First season
新しい一歩
4月
リリィは中学生になった。
そしてスケートの面では7月になれば最後のノービスクラス。既に遅いが、ここで全国に行っているくらいでないと一生世界になど出られない。
選手になるような子は小学校の中学年頃から全日本ノービスに出ているものだが、リリィは関東ブロック大会にすら出られていない。
そればかりか、今日本でトップに立っている全ての選手が行ったとされる「新人発掘合宿」にすら行ったことがない。
自分以外のクラブ員は毎年のように行っていたが。
学年が上がった時の恒例の自己紹介では毎年、得意なことはスケートですと言ってきたが、つい先月たった二歳年上の五十嵐誠也が世界選手権で優勝したばかりだし、同じ大会に出ていた柚樹に至っては同じリンクで練習をしている。
そんなレベルの人が最近話題になっているのもあって皆知っているだろうから、もうドヤ顔でスケートが得意です!なんて言えない。
なら一体何を言えば良いんだろうとリリィは頭を抱える。スケート以外に特技も趣味もなにもない。
練習は楽ではなかったけれど、大きくなったらテレビに出ているような選手になれると本気で信じていた低学年頃までの自分。
小三の頃から周りの子がやめていくか、有望視されるかが少しずつ分かってきた。
自分は限りなく脱落に近い状態。むしろ何故しがみついているのかと言った状態。
ついこの前はお母さんに「大会にも出られないのによくモチベーション持つわね」と言われたばかりだ。
特技や趣味はない。

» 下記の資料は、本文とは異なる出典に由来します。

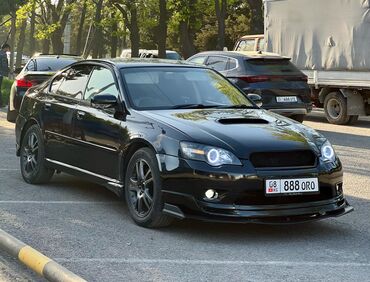 распредвал субару: Subaru Legacy: 2004 г., 2 л, Автомат, Бензин, Седан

しかし、新しい担任は自己紹介として今年の目標を言うようにと言った。
ここで言われる目標はもちろん学校での話だ。
それとは別にリリィは今、明確な目標ができた。
「今年の目標…絶対、絶対七級取る!!」
それを聞いた安村コーチは特に驚いた様子はなかった。
「あら、なんとか受けられるって自信持った?」
「私ね、今年がノービス最後の年だよ。取れないとジュニアに行けない」
「まあそう....ジュニアには行けるけど...まあノービスでトップの子はみんなもう7級取ってるわね」
そう言われて凹みかける。
その通り、リリィとスケート年齢が同じ銀河やまちは既に7級を保持した選手だ。
来年以降結果を残せば全日本選手権、そして世界へ出ることが出来る。
「というか銀ちゃんって7級の課題ジャンプ、ルッツとフリップでやったんだっけ…」
「うん。どうせやるならすげぇって思われたいじゃん」
「そもそも銀ちゃんはバッジテストで不合格になったことがないでしょう…」
「そりゃ何回もやるのめんどくせぇし……それに、お金かかるじゃん!」
とニッとした笑顔で銀河は言う。
その笑顔と言葉が本当にグサリと刺さる。
リリィは5級で引っ掛かり、その度に親に頭を下げたのをおもいだした。
これではいけない。
そう思ってここしばらくずっと練習してきたトリプルフリップを跳ぼうとする。
「リリィちゃん、エッジが逆よ!!」
先生に大声で言われてびっくりして助走が止まった
「エッジが…逆…」
もう一度飛ぶために助走しようとした時、リンクが騒然とした。
と同時に
「やっったーーー!!」
と柚樹がガッツポーズで叫んだ。
見ていなかったが、柚樹が四回転を降りたらしい。
ジュニアの世界選手権が終わってからずっと練習していて、やっと回りきって降りれるようになったのだ。
リリィは大会に出る人が当たり前に跳べるジャンプまともに飛べないのに、柚樹はそれに加えどんどん新しい技も覚えていく。
素直におめでとうと言えない自分が嫌いだった。
皆新しい一歩を踏み出すこの時期だが、自分の一歩の歩幅がひどく狭い気がした。